Instructions for the task
Every line from the one with "Women's Rielle Ruffled" to the end of the listing below must be printed exactly, with no other text and no pictures.

Records for the exercise
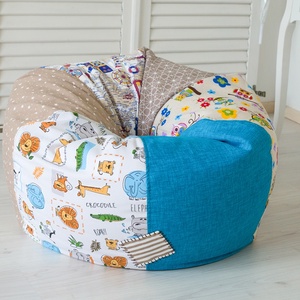 Vidám színű, süppedős patchwork babzsákfotel - KAMASZ MÉRET - kék, klasszikus formájú babzsák tiniknek, Otthon & Életmód, Bútor, Babzsákfotel, Varrás, MESKA
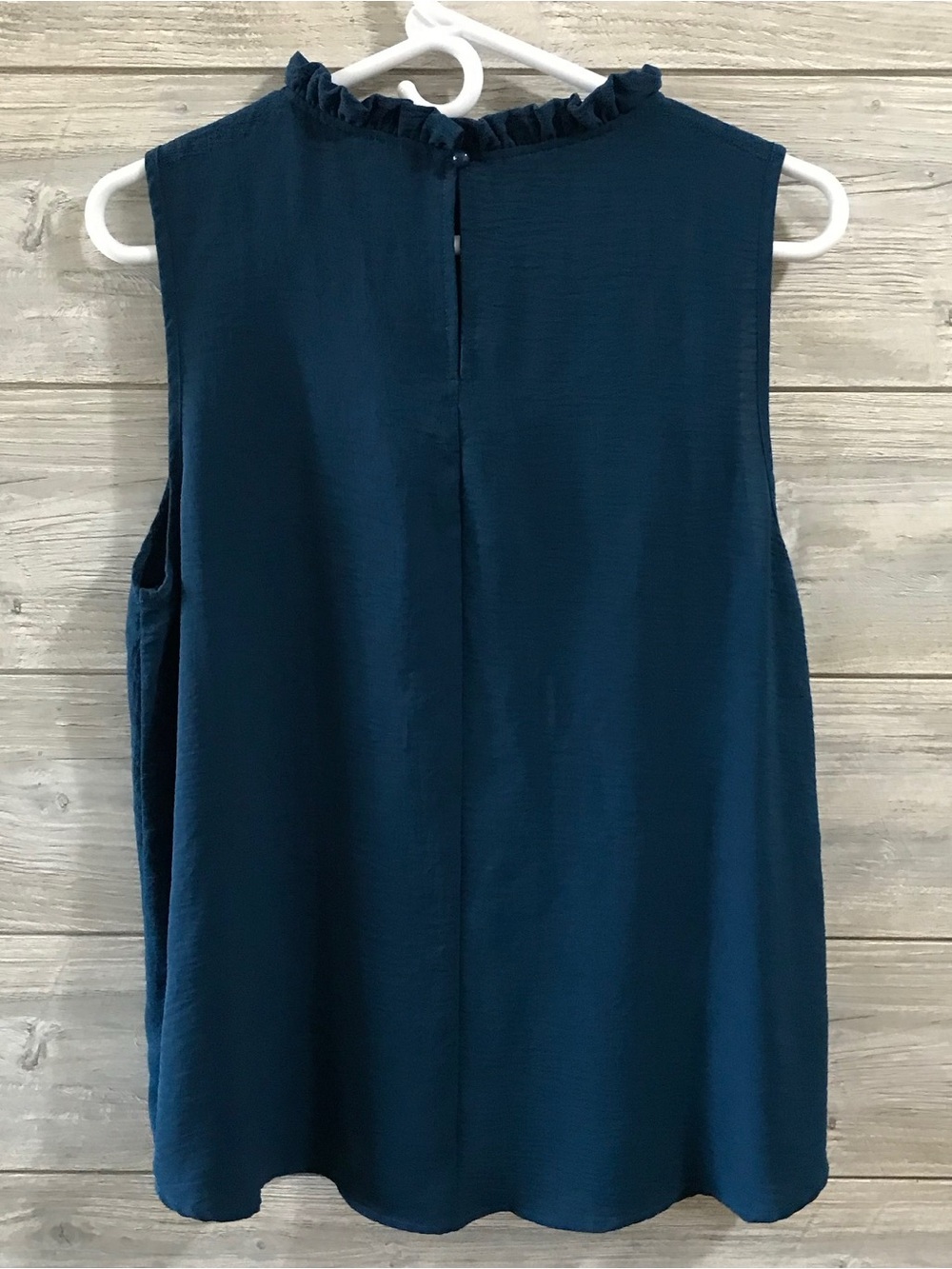 Women's Rielle Ruffled Neck Sleeveless Top - Picture 4 of 7
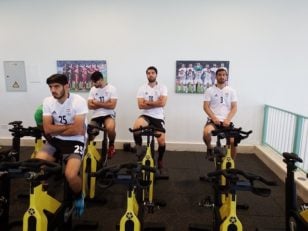 تمرین امروز تیم ملی در مرکز پک انجام شد و 8 بازیکن نیز در آن حضور داشتند تمرین صبح ملی پوشان حاضر در اردوی تیم ملی از ساعت 10:30 در مرکز پک برگزار شد و کریم انصاری فرد ، مهدی طارمی و احسان حاج صفی به عنوان سه لژیونر اضافه شده به تمرینات به همراه قلی زاده و ترابی و خانزاده به انجام تمرینات مورد نظر کادرفنی پرداختند.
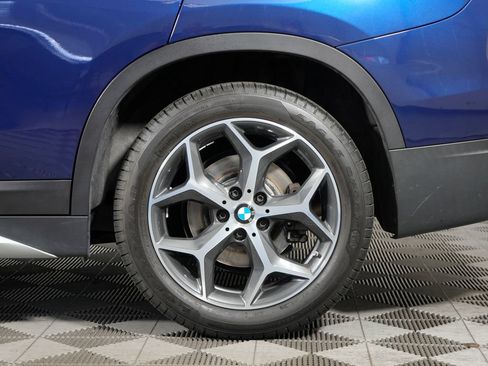 Used 2018 BMW X1 xDrive28i AWD/4WD image 14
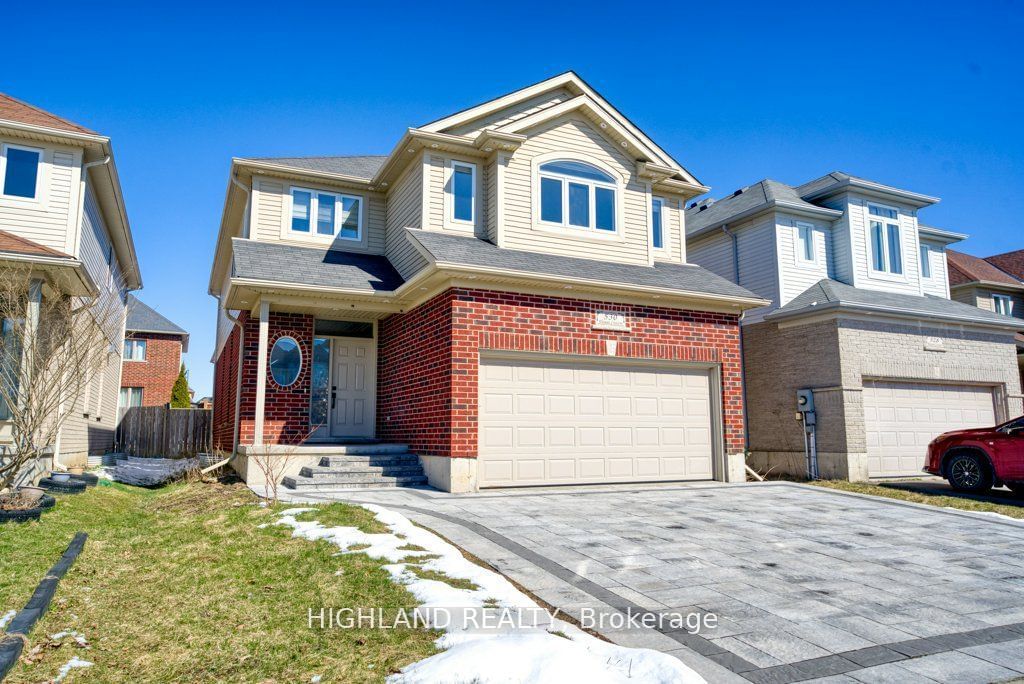 Detached House for sale at 530 Wasaga Crescent, Waterloo, N2V 2Y8 - MLS: X11945976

Solution to the problem
 Women's Rielle Ruffled Neck Sleeveless Top - Picture 4 of 7
 تمرین امروز تیم ملی در مرکز پک انجام شد و 8 بازیکن نیز در آن حضور داشتند تمرین صبح ملی پوشان حاضر در اردوی تیم ملی از ساعت 10:30 در مرکز پک برگزار شد و کریم انصاری فرد ، مهدی طارمی و احسان حاج صفی به عنوان سه لژیونر اضافه شده به تمرینات به همراه قلی زاده و ترابی و خانزاده به انجام تمرینات مورد نظر کادرفنی پرداختند.
 Used 2018 BMW X1 xDrive28i AWD/4WD image 14
 Detached House for sale at 530 Wasaga Crescent, Waterloo, N2V 2Y8 - MLS: X11945976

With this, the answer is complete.